SUPPLIED INFORMATION:

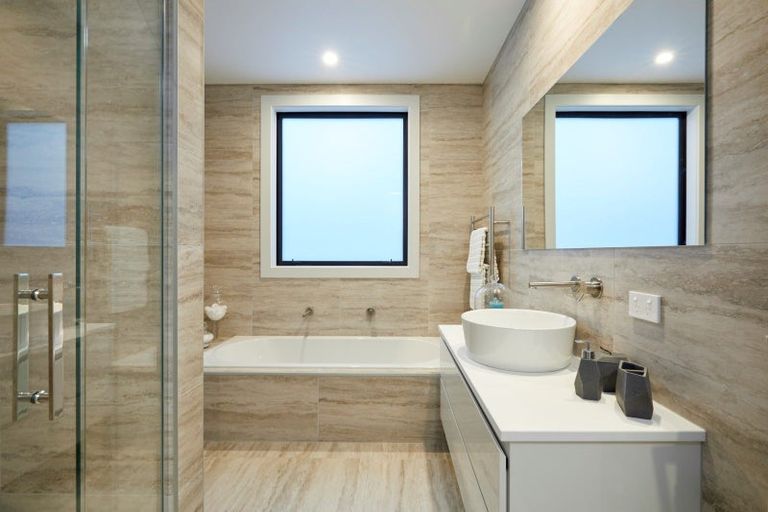 Photo of property in 1015 Papamoa Beach Road, Papamoa Beach, Papamoa, 3118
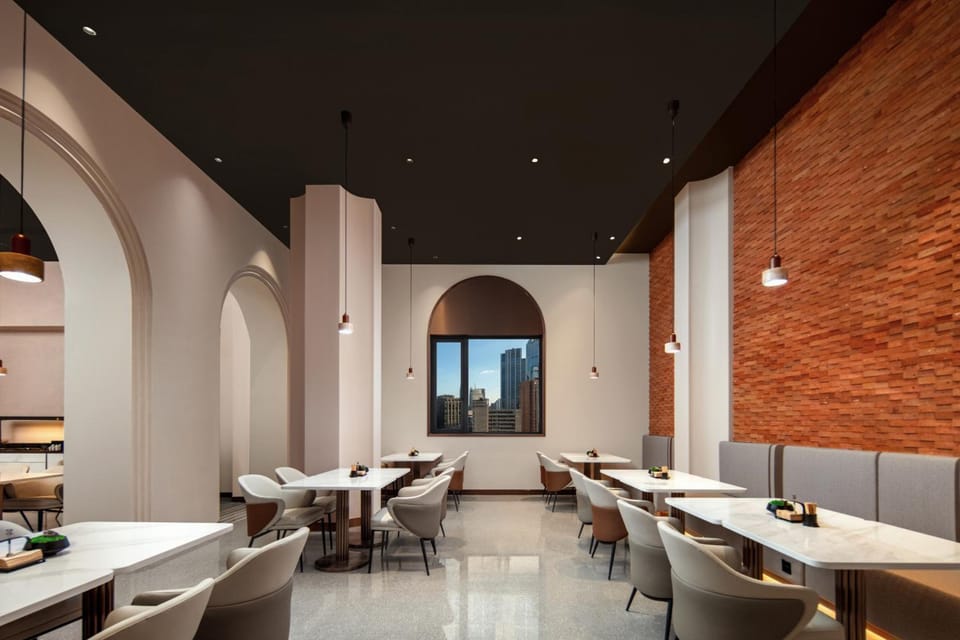 Atour Hotel Jing'an Xizang North Road Metro Station Hotel in Shanghai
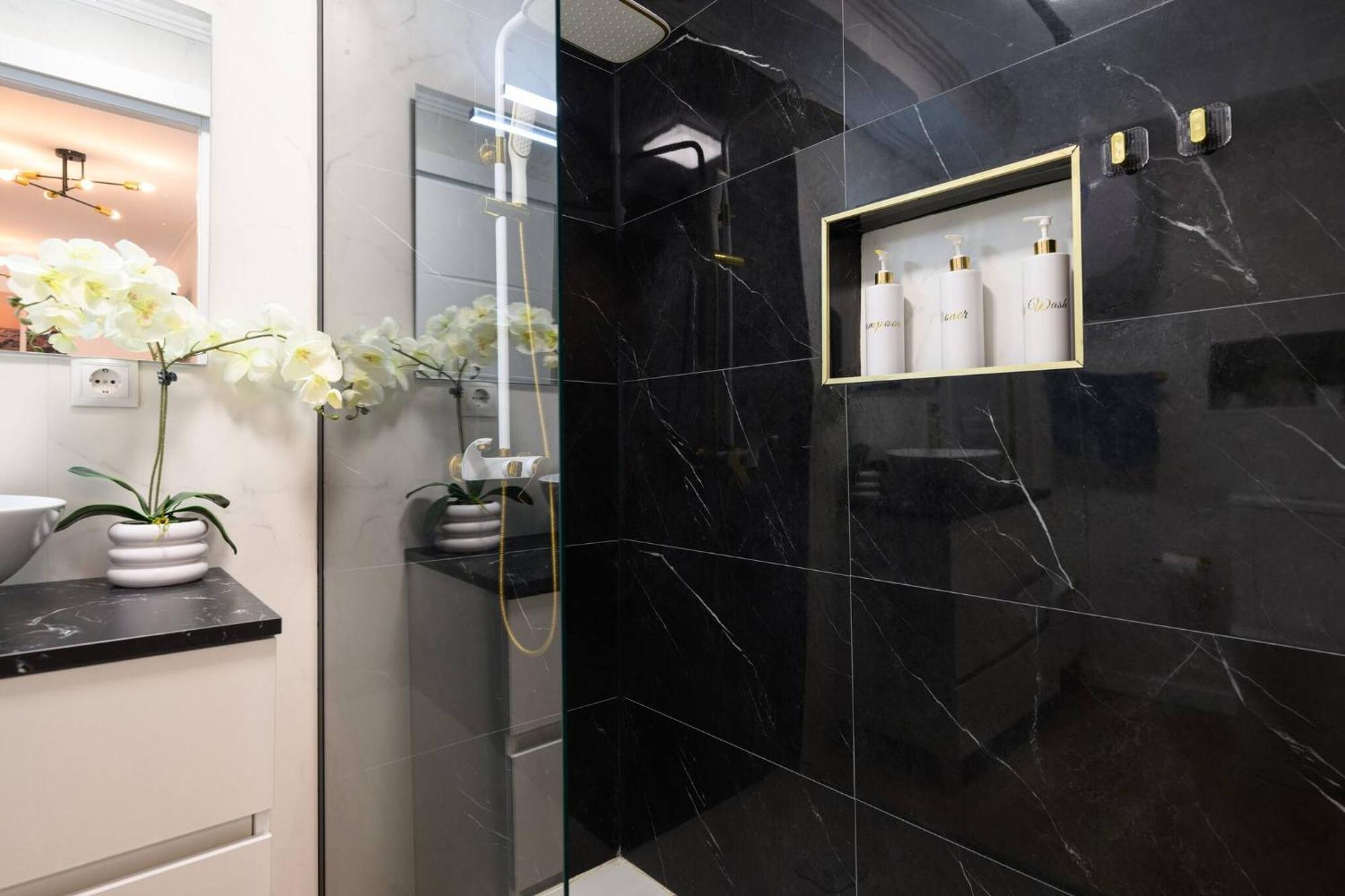 Charming In Old Town Triana San Telmo Apartment *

TASK REQUIREMENTS:
Within the listing above, find the line containing "Atour Hotel Jing'an", then print it and every line after it exactly, leaving out pictures.

TASK OUTPUT:
 Atour Hotel Jing'an Xizang North Road Metro Station Hotel in Shanghai
 Charming In Old Town Triana San Telmo Apartment *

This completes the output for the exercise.